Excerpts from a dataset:
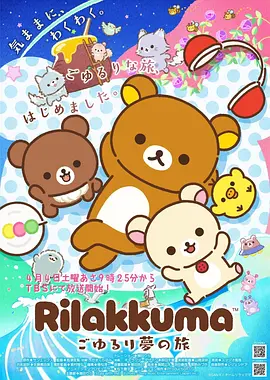 皮皮漫画《千面画师》奇幻悬疑新番漫画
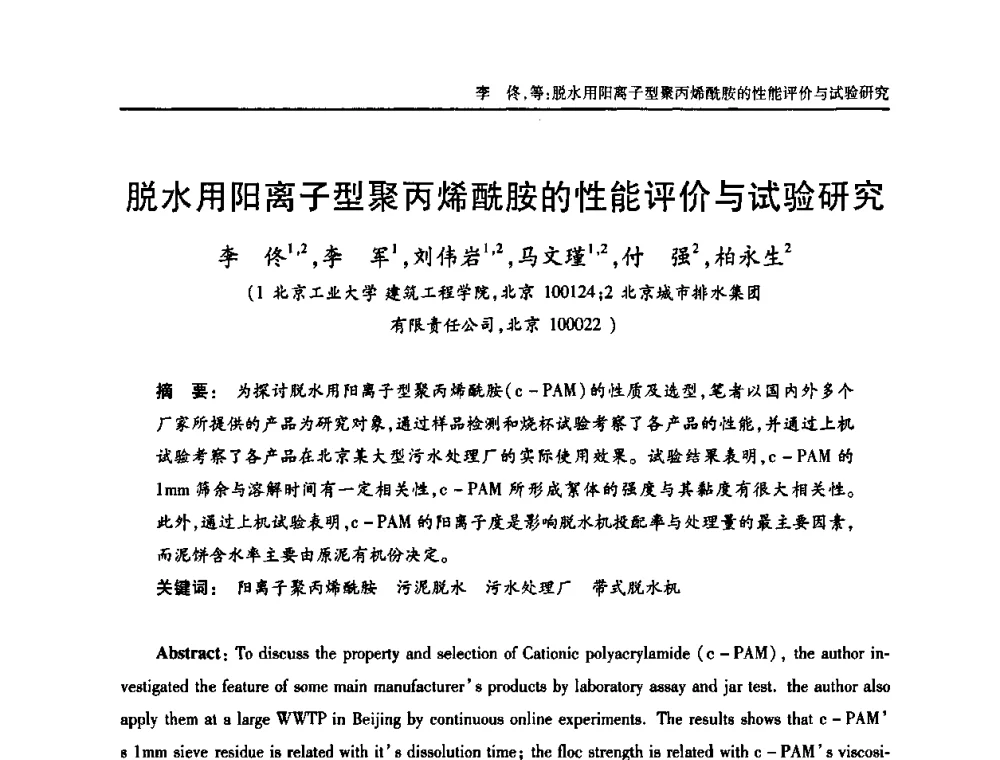 脱水用阳离子型聚丙烯酰胺的性能评价与试验研究 - 中国土木工程学会全国排水委员会2010年年会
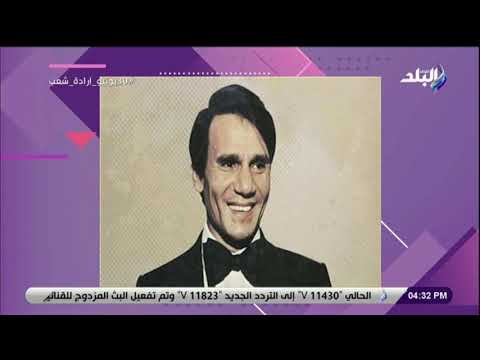 مفيد فوزي يكشف مفاجئة صافيني مره لم تكن أول أغاني عبد الحليم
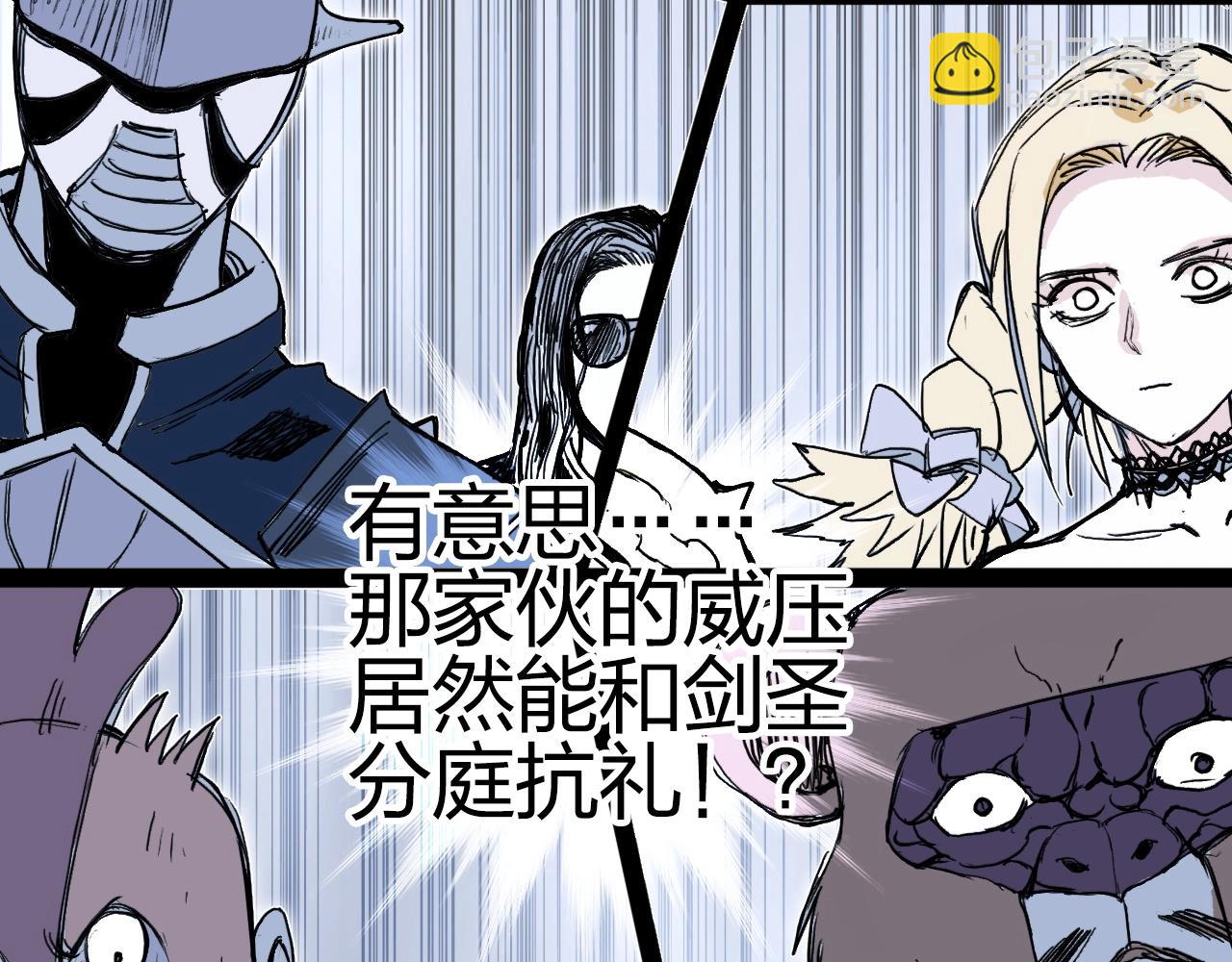 第275话 接我一拳54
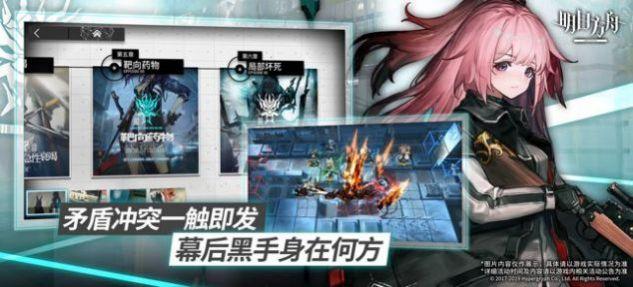 明日方舟公开招募计算器bigfun最新版截图3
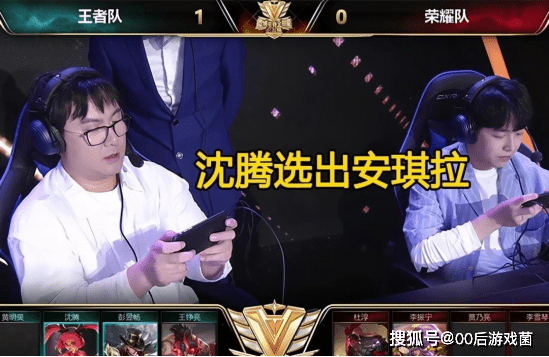 略稳健 略稳健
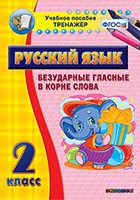 Тренажёр. 2 класс. Безударные гласные в корне слова - «globural.ru» - Йошкар-Ола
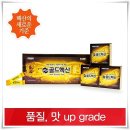 가인바이오넷 | 핵산, 건강을 위해서라면 바로 이것!!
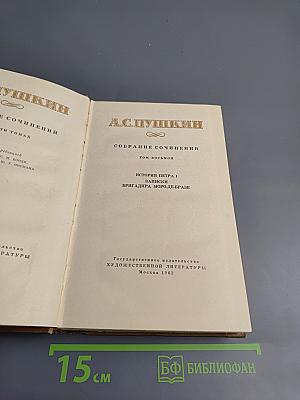 А.С. Пушкин. Собрание сочинений. Том восьмой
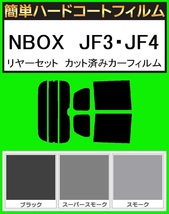 ブラック５％　簡単ハードコート NBOX　JF3・JF4 リアセット　カット済みフィルム_画像1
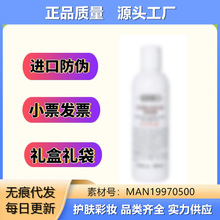 【官方正品】高保湿水250ml/500ml 契尔氏精华爽肤水深层补水滋润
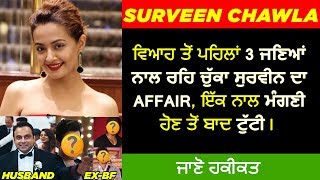 🔴 SURVEEN CHAWLA BIOGRAPHY IN PUNJABI  FAMILY  HUSBAND  BOYFRIEND  MOVIES  INTERVIEW [upl. by Eceeryt398]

Problem to work on = Only the text of the entries above is to be given again, exactly, with the pictures left out.

Written response =
 皮皮漫画《千面画师》奇幻悬疑新番漫画
 脱水用阳离子型聚丙烯酰胺的性能评价与试验研究 - 中国土木工程学会全国排水委员会2010年年会
 مفيد فوزي يكشف مفاجئة صافيني مره لم تكن أول أغاني عبد الحليم
 第275话 接我一拳54
 明日方舟公开招募计算器bigfun最新版截图3
 略稳健 略稳健
 Тренажёр. 2 класс. Безударные гласные в корне слова - «globural.ru» - Йошкар-Ола
 가인바이오넷 | 핵산, 건강을 위해서라면 바로 이것!!
 А.С. Пушкин. Собрание сочинений. Том восьмой
 ブラック５％　簡単ハードコート NBOX　JF3・JF4 リアセット　カット済みフィルム_画像1
 【官方正品】高保湿水250ml/500ml 契尔氏精华爽肤水深层补水滋润
 🔴 SURVEEN CHAWLA BIOGRAPHY IN PUNJABI  FAMILY  HUSBAND  BOYFRIEND  MOVIES  INTERVIEW [upl. by Eceeryt398]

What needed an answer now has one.